■ WHAT IS EXPECTED
Please transcribe every entry below exactly as written.

■ Records from a data source
════

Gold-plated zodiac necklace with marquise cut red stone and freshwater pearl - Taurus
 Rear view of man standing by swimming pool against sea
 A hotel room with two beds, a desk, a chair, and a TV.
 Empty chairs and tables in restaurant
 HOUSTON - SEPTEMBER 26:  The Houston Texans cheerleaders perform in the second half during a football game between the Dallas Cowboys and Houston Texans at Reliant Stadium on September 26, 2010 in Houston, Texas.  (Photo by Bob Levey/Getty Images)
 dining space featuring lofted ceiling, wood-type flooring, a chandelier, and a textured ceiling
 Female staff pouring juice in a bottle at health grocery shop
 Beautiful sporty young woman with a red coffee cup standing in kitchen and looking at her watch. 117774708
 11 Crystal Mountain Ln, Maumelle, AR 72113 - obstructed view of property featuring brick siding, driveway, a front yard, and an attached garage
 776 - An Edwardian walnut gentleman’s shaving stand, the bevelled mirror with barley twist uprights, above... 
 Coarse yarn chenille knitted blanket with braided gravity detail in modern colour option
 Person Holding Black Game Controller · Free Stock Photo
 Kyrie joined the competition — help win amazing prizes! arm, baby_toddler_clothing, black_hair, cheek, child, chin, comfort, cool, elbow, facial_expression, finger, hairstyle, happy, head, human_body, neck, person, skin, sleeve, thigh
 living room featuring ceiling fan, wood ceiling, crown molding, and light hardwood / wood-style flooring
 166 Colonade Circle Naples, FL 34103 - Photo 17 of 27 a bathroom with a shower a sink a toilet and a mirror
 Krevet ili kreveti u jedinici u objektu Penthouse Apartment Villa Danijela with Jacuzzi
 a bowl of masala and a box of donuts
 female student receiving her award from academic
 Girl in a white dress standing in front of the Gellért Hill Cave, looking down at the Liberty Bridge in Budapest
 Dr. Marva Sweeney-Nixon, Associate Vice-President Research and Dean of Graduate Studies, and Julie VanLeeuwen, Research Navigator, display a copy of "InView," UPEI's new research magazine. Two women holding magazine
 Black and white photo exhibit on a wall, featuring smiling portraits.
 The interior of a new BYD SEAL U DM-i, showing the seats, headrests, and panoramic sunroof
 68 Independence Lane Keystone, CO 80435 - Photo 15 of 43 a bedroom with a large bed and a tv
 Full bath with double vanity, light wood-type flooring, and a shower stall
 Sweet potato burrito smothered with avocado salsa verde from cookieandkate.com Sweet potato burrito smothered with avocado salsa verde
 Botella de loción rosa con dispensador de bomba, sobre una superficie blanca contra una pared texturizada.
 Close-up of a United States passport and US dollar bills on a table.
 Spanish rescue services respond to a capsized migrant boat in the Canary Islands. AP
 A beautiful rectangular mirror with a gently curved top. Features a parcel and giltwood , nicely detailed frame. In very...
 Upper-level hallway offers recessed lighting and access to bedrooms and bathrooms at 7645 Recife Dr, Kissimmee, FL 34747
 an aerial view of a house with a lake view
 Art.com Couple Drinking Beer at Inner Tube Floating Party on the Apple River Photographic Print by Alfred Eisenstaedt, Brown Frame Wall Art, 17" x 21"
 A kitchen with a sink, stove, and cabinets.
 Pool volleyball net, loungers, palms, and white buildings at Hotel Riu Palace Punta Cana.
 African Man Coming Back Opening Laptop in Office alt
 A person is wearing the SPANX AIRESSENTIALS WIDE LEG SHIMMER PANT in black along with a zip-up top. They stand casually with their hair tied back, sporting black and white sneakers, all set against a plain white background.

════

■ ANSWER TO THIS EXERCISE
Gold-plated zodiac necklace with marquise cut red stone and freshwater pearl - Taurus
 Rear view of man standing by swimming pool against sea
 A hotel room with two beds, a desk, a chair, and a TV.
 Empty chairs and tables in restaurant
 HOUSTON - SEPTEMBER 26:  The Houston Texans cheerleaders perform in the second half during a football game between the Dallas Cowboys and Houston Texans at Reliant Stadium on September 26, 2010 in Houston, Texas.  (Photo by Bob Levey/Getty Images)
 dining space featuring lofted ceiling, wood-type flooring, a chandelier, and a textured ceiling
 Female staff pouring juice in a bottle at health grocery shop
 Beautiful sporty young woman with a red coffee cup standing in kitchen and looking at her watch. 117774708
 11 Crystal Mountain Ln, Maumelle, AR 72113 - obstructed view of property featuring brick siding, driveway, a front yard, and an attached garage
 776 - An Edwardian walnut gentleman’s shaving stand, the bevelled mirror with barley twist uprights, above... 
 Coarse yarn chenille knitted blanket with braided gravity detail in modern colour option
 Person Holding Black Game Controller · Free Stock Photo
 Kyrie joined the competition — help win amazing prizes! arm, baby_toddler_clothing, black_hair, cheek, child, chin, comfort, cool, elbow, facial_expression, finger, hairstyle, happy, head, human_body, neck, person, skin, sleeve, thigh
 living room featuring ceiling fan, wood ceiling, crown molding, and light hardwood / wood-style flooring
 166 Colonade Circle Naples, FL 34103 - Photo 17 of 27 a bathroom with a shower a sink a toilet and a mirror
 Krevet ili kreveti u jedinici u objektu Penthouse Apartment Villa Danijela with Jacuzzi
 a bowl of masala and a box of donuts
 female student receiving her award from academic
 Girl in a white dress standing in front of the Gellért Hill Cave, looking down at the Liberty Bridge in Budapest
 Dr. Marva Sweeney-Nixon, Associate Vice-President Research and Dean of Graduate Studies, and Julie VanLeeuwen, Research Navigator, display a copy of "InView," UPEI's new research magazine. Two women holding magazine
 Black and white photo exhibit on a wall, featuring smiling portraits.
 The interior of a new BYD SEAL U DM-i, showing the seats, headrests, and panoramic sunroof
 68 Independence Lane Keystone, CO 80435 - Photo 15 of 43 a bedroom with a large bed and a tv
 Full bath with double vanity, light wood-type flooring, and a shower stall
 Sweet potato burrito smothered with avocado salsa verde from cookieandkate.com Sweet potato burrito smothered with avocado salsa verde
 Botella de loción rosa con dispensador de bomba, sobre una superficie blanca contra una pared texturizada.
 Close-up of a United States passport and US dollar bills on a table.
 Spanish rescue services respond to a capsized migrant boat in the Canary Islands. AP
 A beautiful rectangular mirror with a gently curved top. Features a parcel and giltwood , nicely detailed frame. In very...
 Upper-level hallway offers recessed lighting and access to bedrooms and bathrooms at 7645 Recife Dr, Kissimmee, FL 34747
 an aerial view of a house with a lake view
 Art.com Couple Drinking Beer at Inner Tube Floating Party on the Apple River Photographic Print by Alfred Eisenstaedt, Brown Frame Wall Art, 17" x 21"
 A kitchen with a sink, stove, and cabinets.
 Pool volleyball net, loungers, palms, and white buildings at Hotel Riu Palace Punta Cana.
 African Man Coming Back Opening Laptop in Office alt
 A person is wearing the SPANX AIRESSENTIALS WIDE LEG SHIMMER PANT in black along with a zip-up top. They stand casually with their hair tied back, sporting black and white sneakers, all set against a plain white background.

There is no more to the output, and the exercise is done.